Он подходит к столу и прислоняется к нему бедром. Даже ссутулившись, он все равно нависает надо мной. Я не могу не смотреть, как низко его треники висят на бедрах, и не любоваться каждым бугорком пресса на его груди под выцветшей серой футболкой.
– И я серьезно, – добавляет он. – Ты очень возбуждаешь. Может, вернемся к нашему креслу?
Я не могу сдержать смешок, и его зеленые глаза загораются.
– Смех? О да, сегодня у меня точно что-то будет.
Я возвращаюсь к нарезке.
– С прискорбием сообщаю, что нет. Я пришла сюда, просто чтобы поесть.
– Я тоже. Люблю есть. Я ненасытный, Джесси.
Вновь хихикаю.
– Ничегошеньки себе! Опять смех? Я сегодня
Он ведет себя так по-дурацки, что невозможно не улыбнуться. Но моего хорошего чувства юмора надолго не хватает. Я порезала достаточно перца, и теперь пора заняться луком. Но вызванные им фальшивые слезы сбивают с толку расстроенный разум, и вот я уже моргаю, чтобы сдержать
– Я пропустила занятие, – выпаливаю я.
– Неожиданная смена темы, – замечает Блейк.
Я моргаю быстрее.
– Ну, я не полностью пропустила. Просто раньше ушла. – До того, как сестра Хэйли успела отчитать меня за ошибку перед всеми сокурсниками.
– Ясно… Надо позвонить копам и сдать тебя?
Подавляя вздох, я кладу нож и смотрю в его озадаченные глаза.
– Я не наблюдала.
– Хоспади. Ты всегда говоришь загадками?
Я быстро все объясняю.
– Мы были в отделении детской онкологии.
– Ой.
– Именно. И мы должны были сесть рядом с одним из пациентов и пообщаться с ним, но при этом наблюдая, понимаешь? Искать симптомы. – Я все-таки вздыхаю. – С первым я справилась отлично, но полностью облажалась с наблюдением. Я ничего не записала. Потом мы должны были сообщить сестре Хэйли о выводах, но… я свалила. Было стыдно, чувствовала себя идиоткой.
Я не отрываю взгляд от разделочной доски. Поверить не могу, что изливаю душу этому человеку.
На щеку ложится теплая ладонь, и я дергаюсь от удивления. Я поднимаю голову и вижу направленный на меня мрачный взгляд Блейка.
– Ты не идиотка, Джесс, – тихо говорит он. – Ты одна из самых умных девушек, которых я только знаю.

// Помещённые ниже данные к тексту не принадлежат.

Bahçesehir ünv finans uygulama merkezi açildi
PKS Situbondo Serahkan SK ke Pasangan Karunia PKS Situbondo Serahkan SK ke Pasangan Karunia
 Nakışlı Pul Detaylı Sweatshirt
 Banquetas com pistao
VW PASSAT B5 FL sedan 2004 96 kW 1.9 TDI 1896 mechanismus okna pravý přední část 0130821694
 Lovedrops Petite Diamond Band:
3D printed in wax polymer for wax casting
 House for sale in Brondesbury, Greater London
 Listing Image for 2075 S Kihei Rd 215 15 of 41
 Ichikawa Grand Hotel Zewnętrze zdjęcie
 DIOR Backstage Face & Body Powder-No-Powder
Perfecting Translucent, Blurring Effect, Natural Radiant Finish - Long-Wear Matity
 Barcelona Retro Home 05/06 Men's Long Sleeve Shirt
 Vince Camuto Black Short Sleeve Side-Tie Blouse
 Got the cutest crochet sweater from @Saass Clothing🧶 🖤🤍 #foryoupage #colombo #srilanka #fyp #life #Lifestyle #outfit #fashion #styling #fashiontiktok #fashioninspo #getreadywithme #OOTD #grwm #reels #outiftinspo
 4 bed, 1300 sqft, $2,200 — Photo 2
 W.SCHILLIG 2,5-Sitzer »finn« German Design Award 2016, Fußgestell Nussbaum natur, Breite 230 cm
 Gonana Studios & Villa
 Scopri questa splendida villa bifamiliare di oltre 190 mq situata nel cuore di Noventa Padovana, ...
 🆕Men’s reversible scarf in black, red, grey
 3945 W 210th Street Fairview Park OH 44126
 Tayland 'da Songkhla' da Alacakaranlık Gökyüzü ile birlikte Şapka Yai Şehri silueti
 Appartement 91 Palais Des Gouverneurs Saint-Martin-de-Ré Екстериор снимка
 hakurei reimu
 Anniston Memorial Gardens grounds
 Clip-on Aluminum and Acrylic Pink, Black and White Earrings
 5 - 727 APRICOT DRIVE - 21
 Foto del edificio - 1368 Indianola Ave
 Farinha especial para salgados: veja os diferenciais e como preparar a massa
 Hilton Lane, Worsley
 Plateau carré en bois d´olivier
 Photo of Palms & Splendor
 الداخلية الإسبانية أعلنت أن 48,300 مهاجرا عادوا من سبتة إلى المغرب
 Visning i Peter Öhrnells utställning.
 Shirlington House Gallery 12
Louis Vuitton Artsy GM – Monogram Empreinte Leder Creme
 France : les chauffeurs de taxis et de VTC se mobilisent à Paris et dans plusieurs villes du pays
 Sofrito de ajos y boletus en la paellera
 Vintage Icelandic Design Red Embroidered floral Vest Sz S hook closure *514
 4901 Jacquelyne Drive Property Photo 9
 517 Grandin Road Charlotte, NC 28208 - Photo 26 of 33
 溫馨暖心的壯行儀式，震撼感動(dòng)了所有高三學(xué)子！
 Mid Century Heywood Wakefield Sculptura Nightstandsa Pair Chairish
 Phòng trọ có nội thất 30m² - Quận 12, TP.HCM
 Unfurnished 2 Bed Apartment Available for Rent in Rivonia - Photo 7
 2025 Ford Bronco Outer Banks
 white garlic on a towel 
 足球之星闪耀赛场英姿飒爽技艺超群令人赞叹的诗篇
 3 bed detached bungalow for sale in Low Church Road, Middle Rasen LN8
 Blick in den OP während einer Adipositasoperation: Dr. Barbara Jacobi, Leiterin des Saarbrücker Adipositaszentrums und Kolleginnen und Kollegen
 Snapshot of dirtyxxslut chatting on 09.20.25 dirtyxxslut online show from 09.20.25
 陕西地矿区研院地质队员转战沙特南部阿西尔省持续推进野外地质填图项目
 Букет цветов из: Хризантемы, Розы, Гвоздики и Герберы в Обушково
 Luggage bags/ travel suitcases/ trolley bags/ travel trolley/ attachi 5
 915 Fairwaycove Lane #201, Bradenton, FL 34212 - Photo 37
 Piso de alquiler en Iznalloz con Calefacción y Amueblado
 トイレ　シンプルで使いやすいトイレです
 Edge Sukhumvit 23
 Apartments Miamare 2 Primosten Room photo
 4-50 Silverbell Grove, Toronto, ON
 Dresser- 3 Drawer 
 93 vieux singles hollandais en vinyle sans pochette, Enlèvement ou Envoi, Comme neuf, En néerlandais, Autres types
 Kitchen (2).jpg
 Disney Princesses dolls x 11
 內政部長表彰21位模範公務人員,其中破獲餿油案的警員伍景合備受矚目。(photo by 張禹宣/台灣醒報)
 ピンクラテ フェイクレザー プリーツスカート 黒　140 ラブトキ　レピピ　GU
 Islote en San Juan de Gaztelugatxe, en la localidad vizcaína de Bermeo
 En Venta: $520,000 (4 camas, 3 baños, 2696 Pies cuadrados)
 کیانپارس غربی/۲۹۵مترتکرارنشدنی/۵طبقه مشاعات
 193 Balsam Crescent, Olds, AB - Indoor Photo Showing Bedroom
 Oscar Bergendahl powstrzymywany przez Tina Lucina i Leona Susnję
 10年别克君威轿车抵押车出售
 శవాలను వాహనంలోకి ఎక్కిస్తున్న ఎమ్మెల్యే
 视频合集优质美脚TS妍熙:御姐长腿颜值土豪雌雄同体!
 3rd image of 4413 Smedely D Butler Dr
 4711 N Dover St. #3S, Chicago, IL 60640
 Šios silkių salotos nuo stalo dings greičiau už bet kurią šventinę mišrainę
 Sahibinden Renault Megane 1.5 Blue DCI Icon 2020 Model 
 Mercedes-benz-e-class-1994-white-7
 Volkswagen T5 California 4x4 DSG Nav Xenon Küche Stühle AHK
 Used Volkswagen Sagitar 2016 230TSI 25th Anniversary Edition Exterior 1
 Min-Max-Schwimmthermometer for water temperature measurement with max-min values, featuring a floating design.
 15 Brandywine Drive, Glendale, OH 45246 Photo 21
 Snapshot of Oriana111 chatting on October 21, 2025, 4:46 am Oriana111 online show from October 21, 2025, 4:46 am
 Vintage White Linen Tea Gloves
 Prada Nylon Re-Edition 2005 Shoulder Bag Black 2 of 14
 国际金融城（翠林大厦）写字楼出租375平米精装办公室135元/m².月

– Ага, я такая умная, что потратила двадцать минут на обучение вязанию, вместо того чтобы делать работу, которую должна.
– Какой она была?
Вопрос возникает из ниоткуда.
– Что ты имеешь в виду?
– Девочка, с которой ты общалась. Какой она была?
– Расстроенной, – признаюсь я. – Она вязала шапку для брата и не могла разобраться с петлями.
– Почему не могла? Она не умела вязать или у нее были слабые руки?
Я задумываюсь.
– Нет, у нее были уверенные руки. Правда, на запястьях и внутренней стороне локтей были синяки от игл, но хватка была сильной. – Я жую нижнюю губу. – Однако у нее под глазами были темные круги, поэтому, возможно, она все-таки была слишком уставшей, чтобы вязать. – Я улыбаюсь. – И она была немного капризной.
– Рак третьей стадии? Четвертой? – спрашивает он.
– Четвертой.
Блейк кивает, лениво водя кончиками пальцев по линии моей скулы. Я обнаруживаю, что подаюсь навстречу теплу этих больших пальцев.
– Это можно понять, – говорит он. – У людей на смертельной стадии много злости и раздражительности.
Я морщу лоб.
– Откуда ты знаешь?
– Мой дедушка умер от рака толстой кишки несколько лет назад. Под конец он стал капризным сукиным сыном. Боль сильно его доставала, лезла в голову.